Inferring Actionable Biomarkers from Routine Hematoxylin and Eosin-Stained Tissue.

In the last decade, clinical genomic sequencing has advanced personalized medicine, enabling targeted treatment recommendations based on somatic mutations in a patient’s tumor. Using an FDA-authorized assay, our institution has compiled a clinical sequencing database of over 60,000 patients with solid tumors. Critically, we have also assembled the H&E-stained whole-slide images (WSIs) associated with the same specimens. This cohort offers an opportunity to uncover genotypic-phenotypic correlations of human cancers at an unprecedented scale, thereby extending personalized medicine to patients beyond the reach of genomic sequencing.
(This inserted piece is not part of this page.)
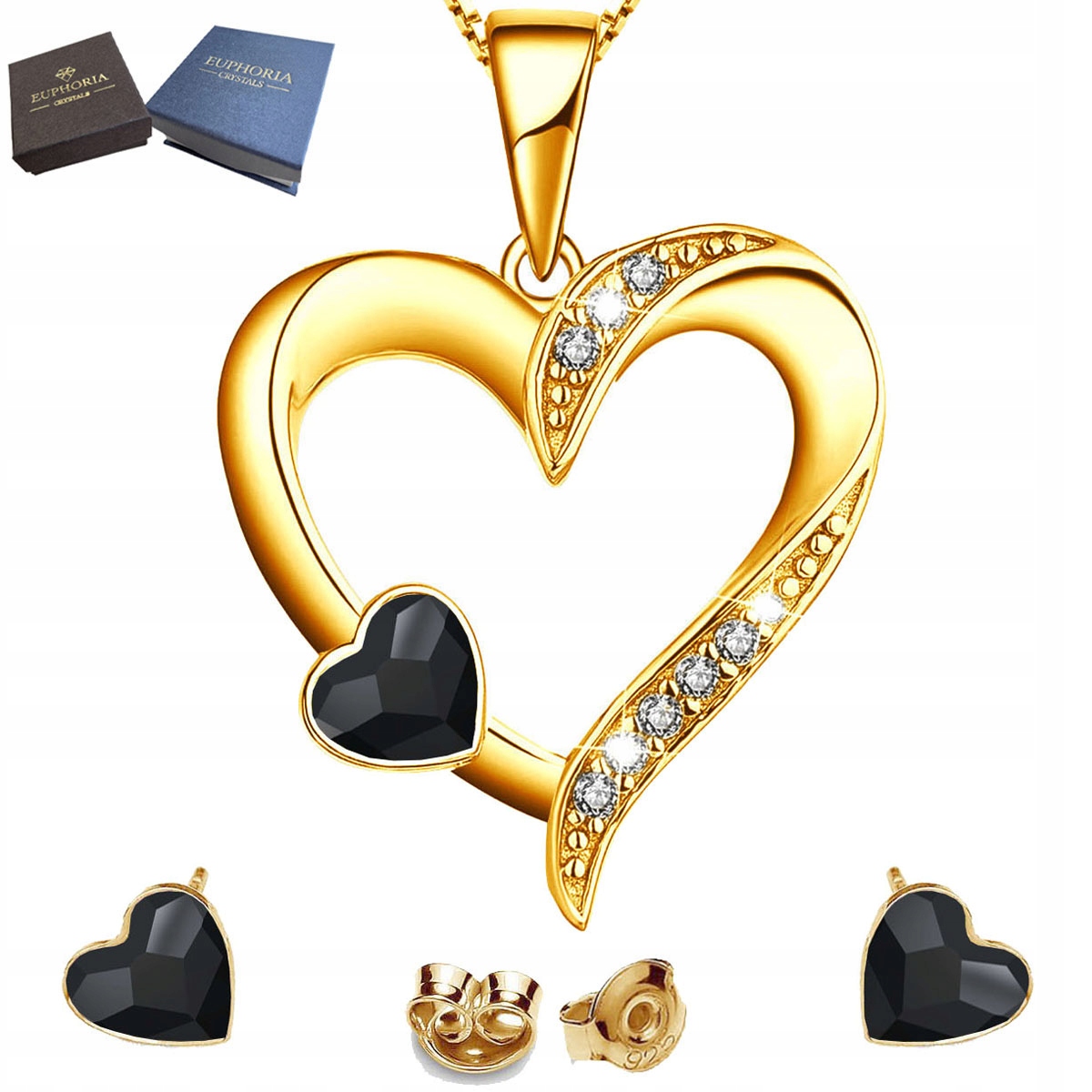 Pozlacený komplet Sada šperků Stříbro Zirkony Dárek ke Dni žen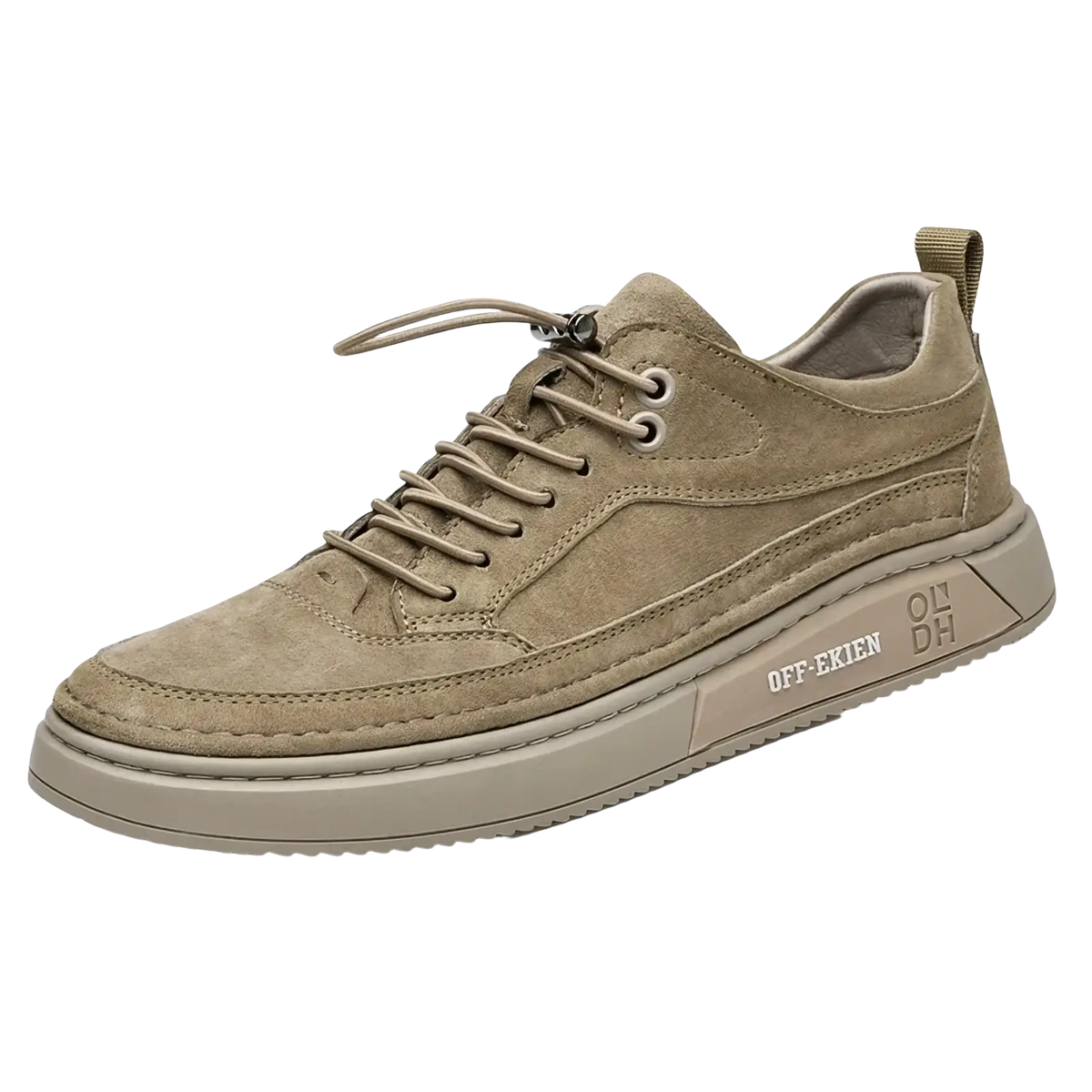 Beige suede low-top sneaker with matching laces and chunky rubber sole branded off-exien for casual wear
Several recent studies have established models to infer individual molecular features directly from H&E imaging, but recent advances in machine learning and dataset scale warrant further exploration of pan-cancer associations between histopathologic features and actionable variants. We hypothesize that specific genomic biomarkers can be linked to image features extracted from whole-slide images. In this project, we aim to [1] develop open-source, scalable tools for label-free slide preprocessing and tumor identification, [2] integrate genomic and histopathologic features to test the ability to infer clinically-actionable genomic variants from H&E slides across solid tumor histologies, [3] develop new browsing capabilities for joint exploration of genomic, clinical and histopathological features using natural language- and image-based queries.